Inspiring Older Readers

posted on 02 Mar 2025

Pity by Andrew McMillan

Pity is poet Andrew McMillan’s first novel and, like his poetry collections, it’s a book that puts sexuality and identity in post-industrial Northern England slap in the middle of the mix. The skilfully designed jacket of the hardback will leave you in no doubt however that the other key ingredient in the book is the looming spectre of the 1984-5 miner’s strike.

McMillan’s story of three generations of men from the same family is set in or near Barnsley which is McMillan’s home town – so the impact of the strike is a legacy he should be well placed to try and understand. While he’s not writing a book explicitly about the strike, the ghostly after-wash of its effects on the community refuse to go away.

Although we first meet brothers Alex and Brian as teenagers, after the first chapter we see them as middle-aged and, in their own ways, unhappy with their lives. We also discover that Alex now has a son, Simon, who is in his twenties and is unapologetically gay and a drag queen. Simon has a new boyfriend, Ryan, who is often uncomfortable with Simon’s drag act and his penchant for using him in his explicit sex shows he films for broadcasting online.

Simon has the chance to develop a new act in which he conjures the persona of Margaret Thatcher and to perform it in his local Barnsley club rather than in Sheffield where he’s usually booked to appear. This also happens to be the same place where his now divorced father goes to drink and which has retained the atmosphere of the old workingman’s club.
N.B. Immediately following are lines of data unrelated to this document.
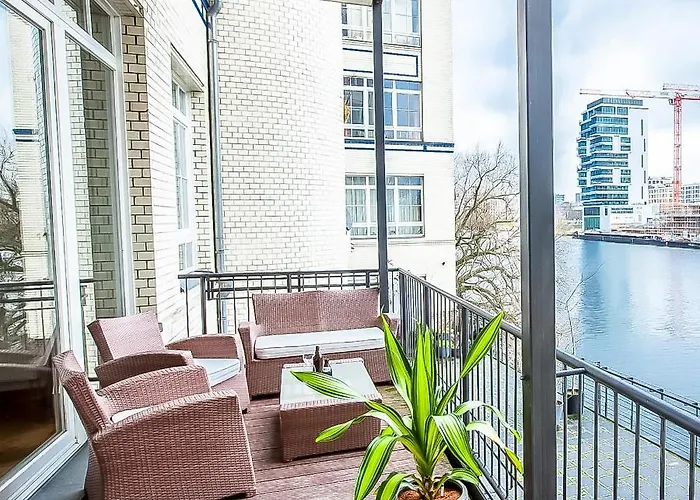 Family-friendly Waterfront Loft, 3 Bedrooms, 130 M2 * Berlijn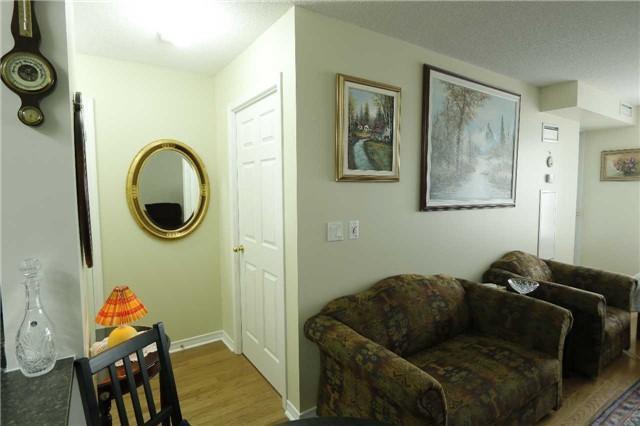 801 - 11 Oneida Cres, Condo with 1 bedrooms, 1 bathrooms and 1 parking in Richmond Hill ON | Image 11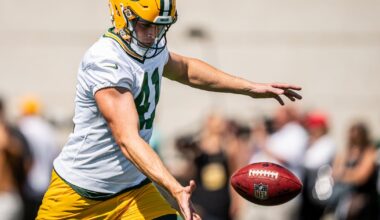 Irish-born punter Daniel Whelan signs contract extension worth $7m with Green Bay Packers – The Irish Times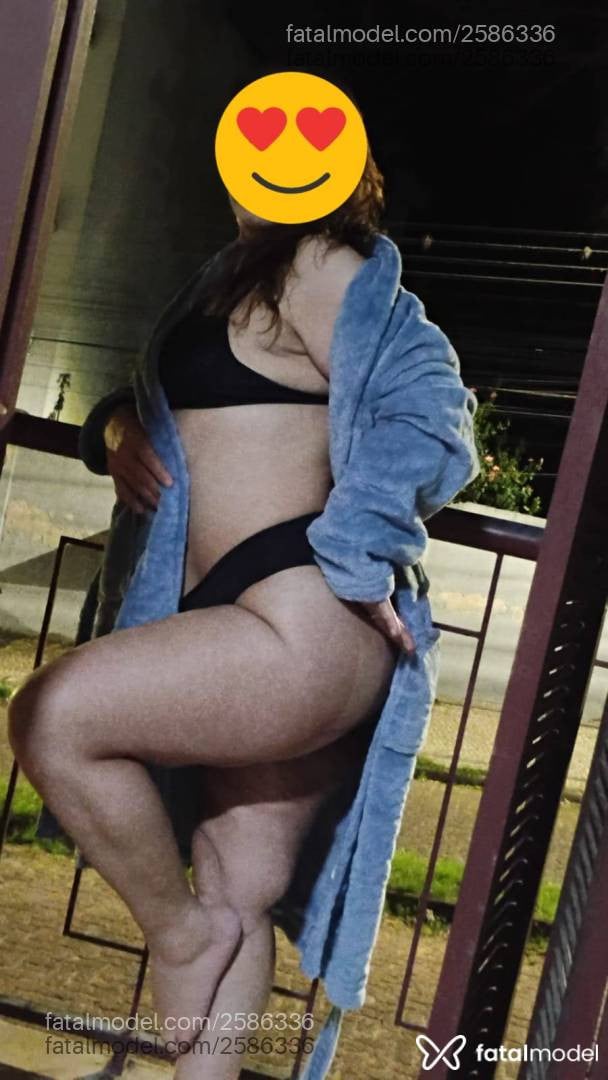 Acompanhante mulher com cabelo castanho de olhos verdes - Paloma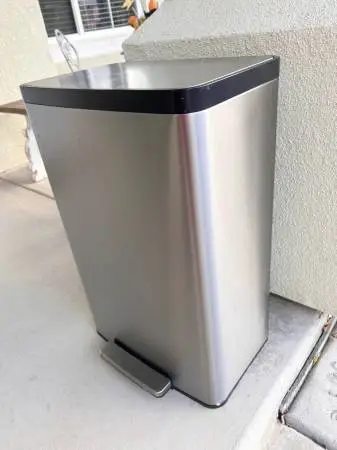 KOHLER - 47L ( 13 Gallon ) Stainless Steel Kitchen Step Trash Can.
Meanwhile, in an adjacent storyline, Brian is drawn into a project constructed by a team of university academics who are trying to capture the residual thoughts and feelings of how the community perceived and coped with the effects of the strike. He’s initially puzzled by what they want but slowly finds himself becoming more eloquent and eager to tell his truths.

And the telling of truths is really the nucleus of the book. Playing parts, denying your true identity (as Alex is reluctant to acknowledge his own sexuality) and confronting the past are all significant and important ghosts in the lives of the men here who are trying to find what’s left now that the ‘traditional’ male roles seem to have vanished for good.

I mentioned at the outset that McMillan was first and foremost a poet and throughout the book he uses a sort of prose poetry to evoke the ghosts of the men taking the trip for the start and end of their shifts in the pit – almost as if the past was so enormous that it’s permanently imprinted on the town and its surroundings – rather like a stone tape.

This feels like a deeply personal novel for the author and that emotion comes through strongly – but I’m not sure that he quite yet has a novelist’s eye for structure and pace, both of which feel slightly out of shape here. But he doesn’t overstay his welcome, which is always to be welcomed, and the poet’s ear for language is always delightful.

The book is easily available in both paper and hardback and you won’t pay more than £10 for either.